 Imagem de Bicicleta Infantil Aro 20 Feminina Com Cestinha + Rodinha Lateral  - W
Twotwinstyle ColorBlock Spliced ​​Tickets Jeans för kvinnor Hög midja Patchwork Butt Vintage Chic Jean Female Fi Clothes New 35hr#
================================
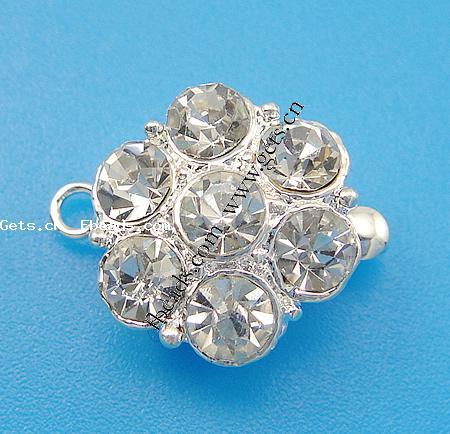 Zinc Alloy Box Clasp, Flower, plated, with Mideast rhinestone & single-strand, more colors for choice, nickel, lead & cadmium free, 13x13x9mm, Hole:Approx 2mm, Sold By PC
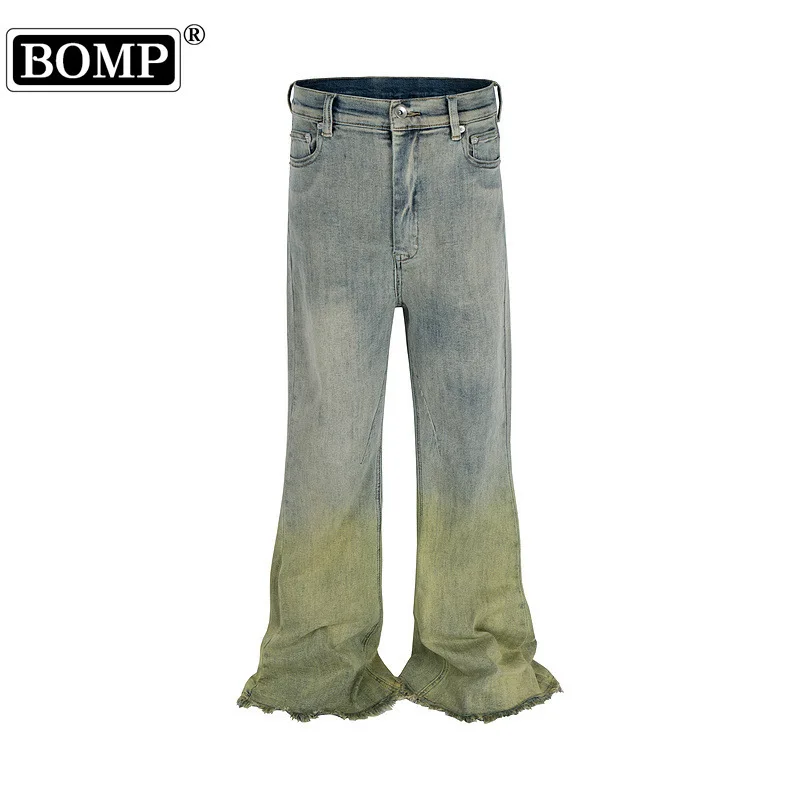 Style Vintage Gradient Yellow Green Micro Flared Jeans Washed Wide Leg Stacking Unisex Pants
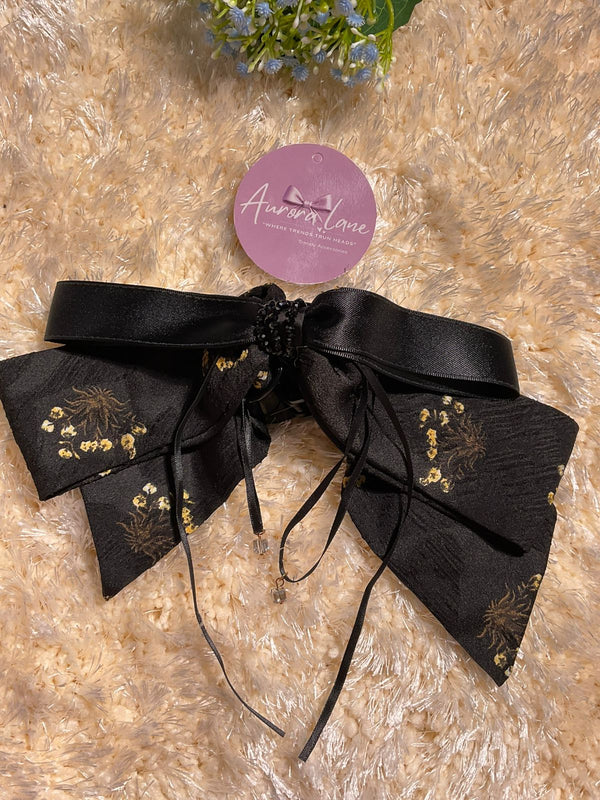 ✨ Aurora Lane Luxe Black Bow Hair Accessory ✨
================================
### Task description
Your reply is to be an exact repeat of the listing above from the line holding "Style Vintage Gradient" down to the line holding "Hair Accessory ✨", ends included, pictures excluded.

### Output for this exercise
 Style Vintage Gradient Yellow Green Micro Flared Jeans Washed Wide Leg Stacking Unisex Pants
 ✨ Aurora Lane Luxe Black Bow Hair Accessory ✨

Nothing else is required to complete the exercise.